Cyber Risk and the 'Biggest Class Exposure We Could Ever Imagine'
Ten Minutes with XL Group’s Michael McGavick on cyber liability, talking machines and the changing liability landscape
Michael S. McGavick, the chief executive of insurer XL Group Ltd., delivered the keynote speech at the International Risk Management Institute construction conference earlier this month in Indianapolis. A former chief executive of Safeco Corp. and a former candidate for the U.S. Senate in Washington state, McGavick predicted in his speech and in a later interview that construction insurance would evolve as the construction industry adapts to a changing world of risk and liability. "The reputation of our industry as being slow to change is just going to end," he predicted. Here are a few of his key points, as recorded and edited by ENR Deputy Editor Richard Korman.
On the changing nature of construction work
The processes going on on those worksites [are such that] the machines on one worksite could be talking to a machine on another worksite overnight about the lessons they have learned. By the way, the idea of machines talking to one another makes me a little edgy. I believe they will be talking about us. But that's what's going on already.
On how artificial intelligence (AI) could change insurance
There are forklifts for huge tunneling systems that are completely AI-driven, [with] learning processes not directed by humans. It touches on how we should pool risk. Should we just blindly insure the worksite? Or should we be taking each of those discrete work processes and [insuring] them as a pool of similar work processes across the globe? We already see this in some industrial sites.
When taken together, we can create remarkably different [insurance] products. We can start creating policies that only come into action when something is being used. [We] can do this for a number of subprocesses in a site and, as a result, lower the cost and the cost of those discrete activities. We can price that process according to its risk at the moment. We can modulate prices according to [changes in the maintenance level or weather].
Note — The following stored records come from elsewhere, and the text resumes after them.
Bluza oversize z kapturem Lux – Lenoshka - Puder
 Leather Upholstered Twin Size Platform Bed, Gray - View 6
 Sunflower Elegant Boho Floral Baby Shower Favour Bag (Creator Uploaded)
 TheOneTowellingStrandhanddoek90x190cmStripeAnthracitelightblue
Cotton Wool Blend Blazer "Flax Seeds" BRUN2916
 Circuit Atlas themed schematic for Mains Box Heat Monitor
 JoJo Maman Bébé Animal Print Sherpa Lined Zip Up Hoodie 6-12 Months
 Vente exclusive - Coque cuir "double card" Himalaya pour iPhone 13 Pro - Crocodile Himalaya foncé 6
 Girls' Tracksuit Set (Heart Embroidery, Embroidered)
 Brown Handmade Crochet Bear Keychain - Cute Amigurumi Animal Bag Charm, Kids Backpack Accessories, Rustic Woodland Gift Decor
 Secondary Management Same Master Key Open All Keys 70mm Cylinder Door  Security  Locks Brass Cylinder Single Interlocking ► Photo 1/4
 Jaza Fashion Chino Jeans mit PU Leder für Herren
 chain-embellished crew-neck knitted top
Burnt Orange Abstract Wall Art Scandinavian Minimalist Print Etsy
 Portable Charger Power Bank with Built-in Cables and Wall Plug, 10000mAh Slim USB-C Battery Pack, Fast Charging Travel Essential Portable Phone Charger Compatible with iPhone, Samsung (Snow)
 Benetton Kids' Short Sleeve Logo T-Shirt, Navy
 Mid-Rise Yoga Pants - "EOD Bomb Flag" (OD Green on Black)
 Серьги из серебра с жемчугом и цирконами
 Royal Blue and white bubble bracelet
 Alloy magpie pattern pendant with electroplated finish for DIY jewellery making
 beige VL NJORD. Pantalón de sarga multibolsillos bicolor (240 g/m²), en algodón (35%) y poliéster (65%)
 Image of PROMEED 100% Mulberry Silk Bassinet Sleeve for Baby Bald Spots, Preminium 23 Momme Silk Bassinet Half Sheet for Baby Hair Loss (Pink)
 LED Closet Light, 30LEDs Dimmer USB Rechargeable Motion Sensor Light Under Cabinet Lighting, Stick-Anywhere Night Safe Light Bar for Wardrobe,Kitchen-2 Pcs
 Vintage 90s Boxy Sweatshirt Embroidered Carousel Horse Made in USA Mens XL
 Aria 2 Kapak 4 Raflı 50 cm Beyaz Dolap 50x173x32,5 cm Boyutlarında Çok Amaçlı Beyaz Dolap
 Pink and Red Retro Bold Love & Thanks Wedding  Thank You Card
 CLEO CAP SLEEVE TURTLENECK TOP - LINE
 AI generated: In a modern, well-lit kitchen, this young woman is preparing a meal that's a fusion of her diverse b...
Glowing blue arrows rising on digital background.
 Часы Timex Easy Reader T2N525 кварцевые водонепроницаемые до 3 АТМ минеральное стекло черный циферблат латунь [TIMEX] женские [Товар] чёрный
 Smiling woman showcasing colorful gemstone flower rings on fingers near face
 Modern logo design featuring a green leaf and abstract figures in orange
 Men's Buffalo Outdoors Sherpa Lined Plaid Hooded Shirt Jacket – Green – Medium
On parametric insurance payments and trust
This is [a] fairly remarkable set of changes that will change the … nature of insurance in a way that will improve trust. Many things will be parametric, rather than the making of a claim. Much of the capital spent on [the recent] hurricanes was on parametric triggers.
On flood risk
We just haven't figured out how to do it right. The reality is, the globe is dying to find a great water solution. Superstorm Sandy came ashore on the most insured square mile on the planet [lower Manhattan]. Do you know what percent of the economic loss was insured? Half. We have a lot of work to do, and technology and insight can unlock the secret of doing that work.
On liability theory
Liability theory will have to change. Those lathes that talk [among themselves and to] us, whose risk is it? We have to do a lot of work to bring this new liability theory into place. It will be messy and expensive until people are sure who will be on the risk.
The Oxford physics lab—where they are building autonomous vehicles, particularly for the construction industry—began to realize what was slowing down [the autonomous-vehicle industry] was people wouldn't buy [the vehicles] because they didn't know who would be blamed if things went wrong. They partnered with us [XL Group] because they wanted a partner with the sophistication to know where liability theory would go and create the contracts for it. This is work that is already going on.
On cyber liability
This is a serious piece of work. We want to be connected—there's a deep human impulse, never mind productivity issues. We like being connected to one another, and that creates spots where privacy can be [invaded] and maliciousness can take place.
The biggest class exposure we could ever imagine is all these systems going down at once.
Well, insurance is an extension of society's risk. This connectivity creates opportunity for this malicious behavior. As a result, we're seeing governments trying to affect the activity of other governments.
The reason we don't see policies that cover these risks [cyber warfare and other malicious cyber activities] is fairly simple: We can't. All the money in the world wouldn't be enough if all the systems in the world [were to] shut down in some coordinated way. Society hasn't figured out yet how to address this. But we get so much benefit from [computer networks] that we are running the risk.
Insurers [would] love to figure out what to do and get paid to do it, but we've only figured out slight bits.